▸ Exercise objective
Each entry that follows should be set down precisely, with its pictures removed.

▸ Data supplied
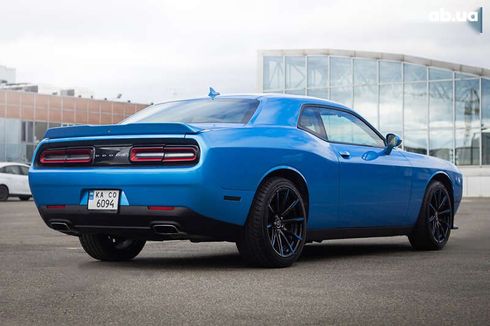 Dodge Challenger 2015 - фото 2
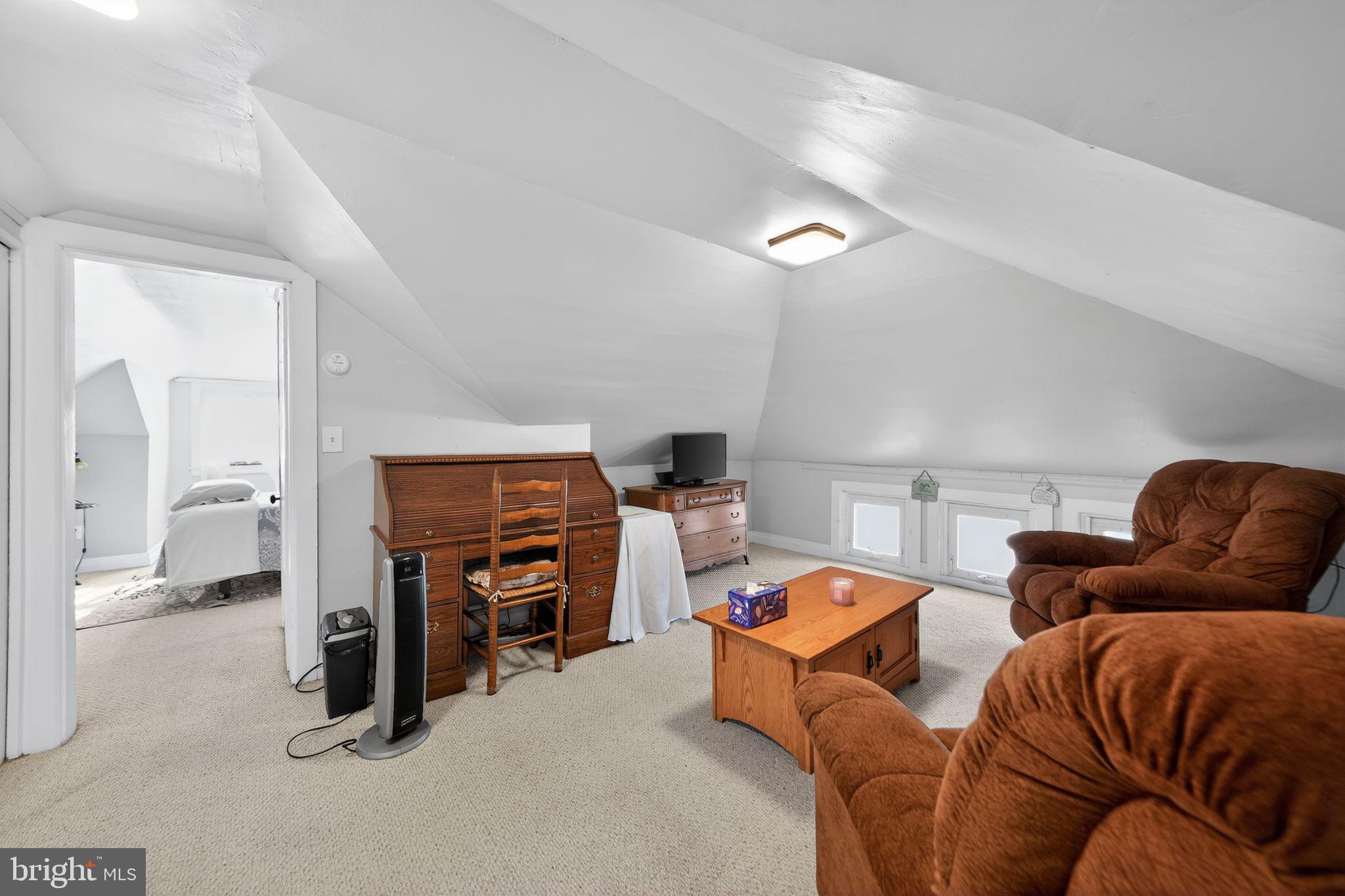 RIDLEY PARK - Residential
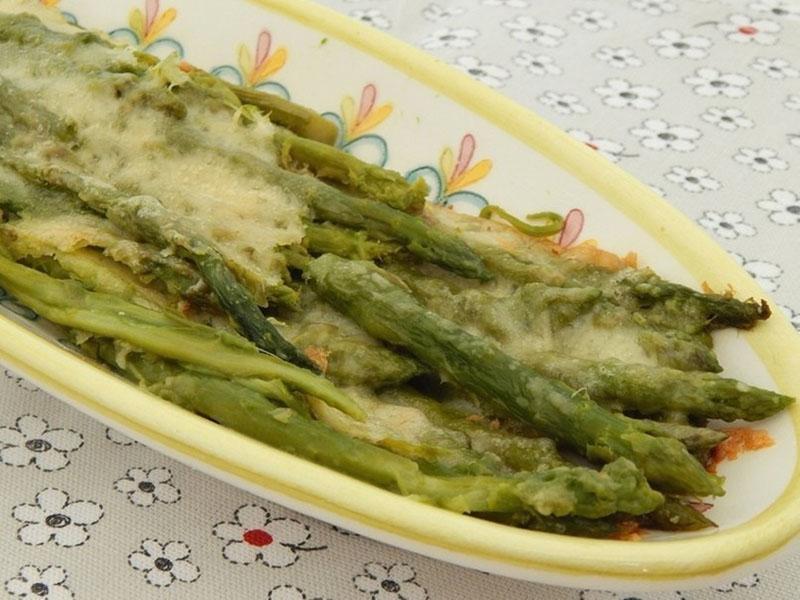 asparagus panggang gourmet dengan keju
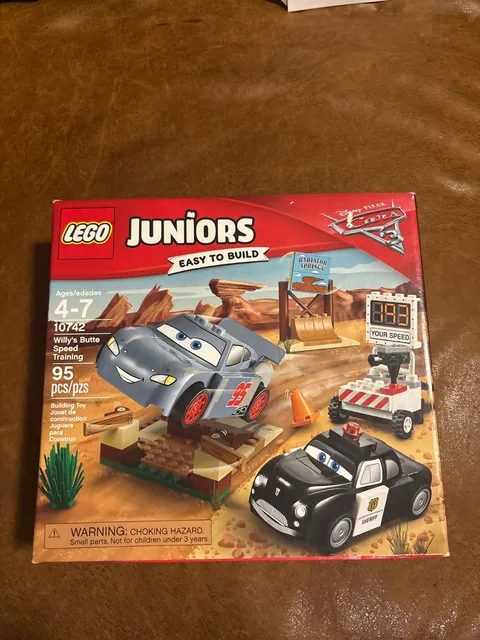 LEGO Juniors Cars 3 10742 Willy’s Butte Speed Training NEW SEALED Retired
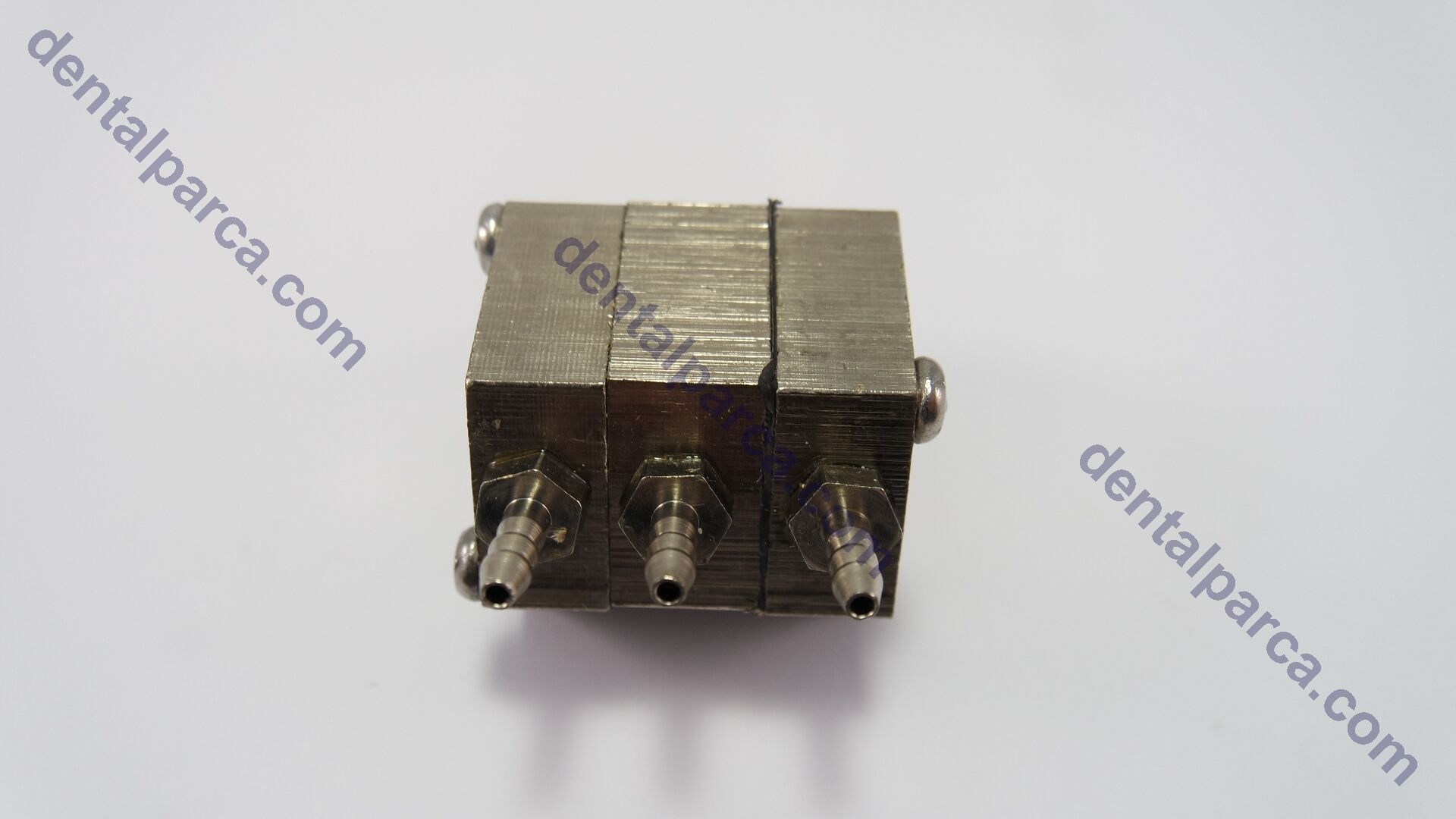 HEAXGONAL 3-BARBED VALVE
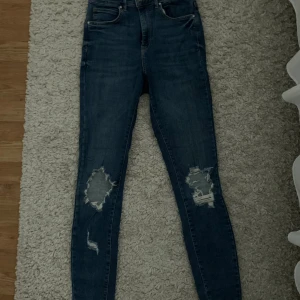 Jeans  - As snygga högmidjade jeans som passar Perfect.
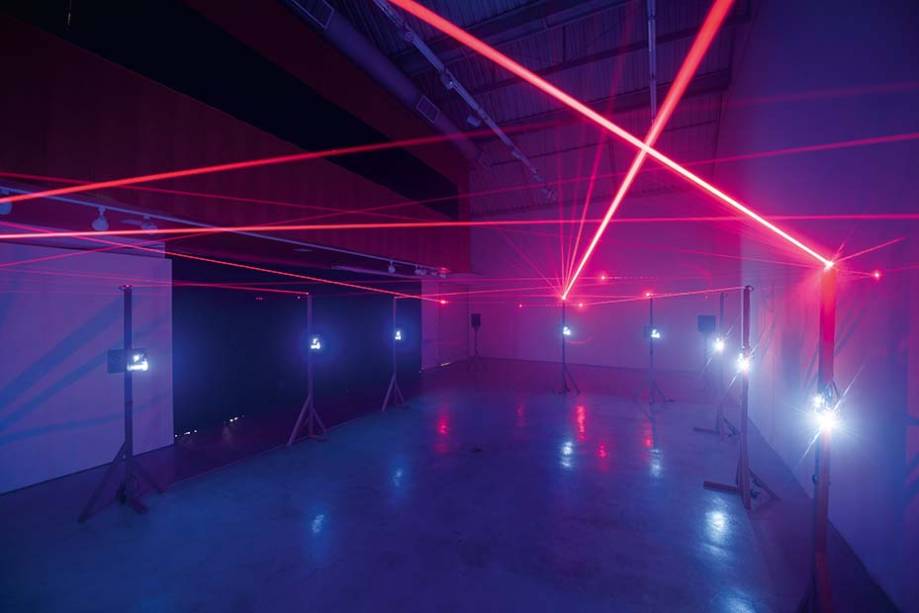 A vigilância luminosa da instalação de Fernando Velázquez.
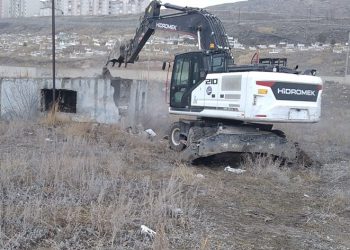 Metruk binaların yıkımı devam ediyor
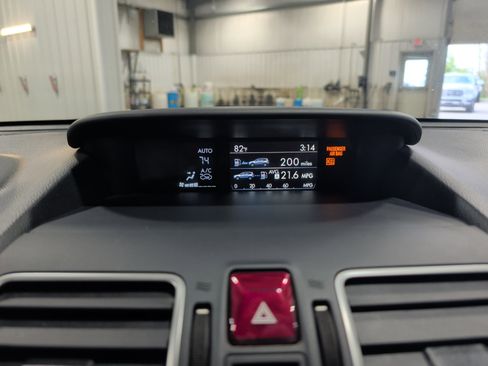 Used 2018 Subaru Forester 2.0XT Premium AWD/4WD image 11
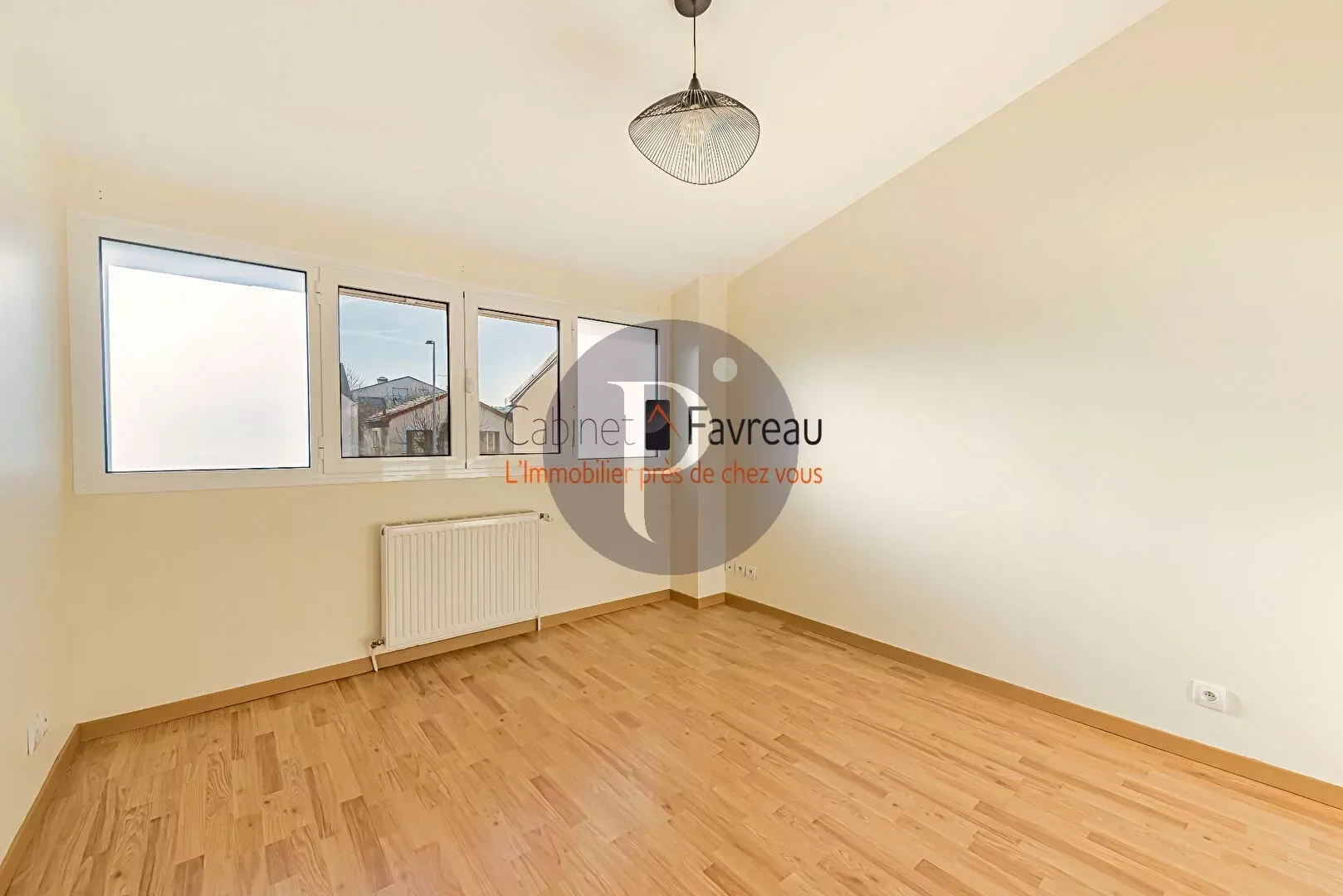 vente-maison-12-pieces-lhay-les-roses-86773525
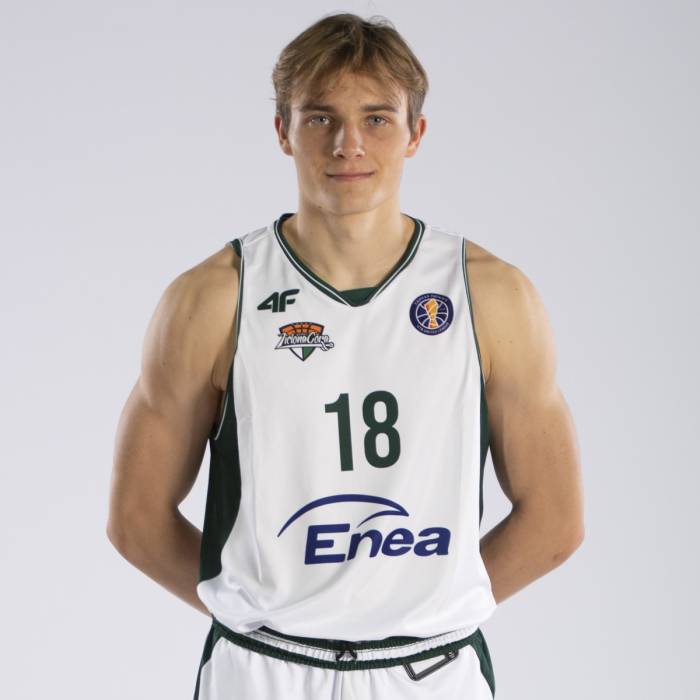 Foto de Konrad Szymanski, temporada 2021-2022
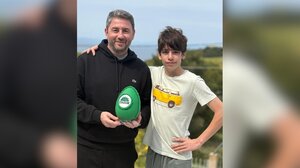 Με τον γιο του Μαρίνο και ένα πράσινο πασχαλινό αβγό, οι ευχές του Ν. Ανδρουλάκη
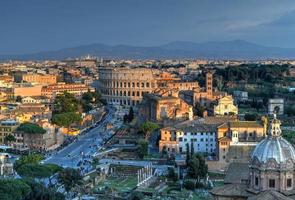 colosseo come visto a partire dal il altare di il patria nel Roma, Italia. foto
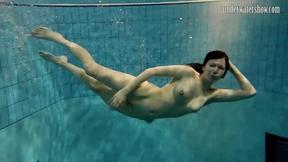 ”Sexy babe swims in the sea like a mermaid”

▸ Result of this exercise
 Dodge Challenger 2015 - фото 2
 RIDLEY PARK - Residential
 asparagus panggang gourmet dengan keju
 LEGO Juniors Cars 3 10742 Willy’s Butte Speed Training NEW SEALED Retired
 HEAXGONAL 3-BARBED VALVE
 Jeans  - As snygga högmidjade jeans som passar Perfect.
 A vigilância luminosa da instalação de Fernando Velázquez.
 Metruk binaların yıkımı devam ediyor
 Used 2018 Subaru Forester 2.0XT Premium AWD/4WD image 11
 vente-maison-12-pieces-lhay-les-roses-86773525
 Foto de Konrad Szymanski, temporada 2021-2022
 Με τον γιο του Μαρίνο και ένα πράσινο πασχαλινό αβγό, οι ευχές του Ν. Ανδρουλάκη
 colosseo come visto a partire dal il altare di il patria nel Roma, Italia. foto
 ”Sexy babe swims in the sea like a mermaid”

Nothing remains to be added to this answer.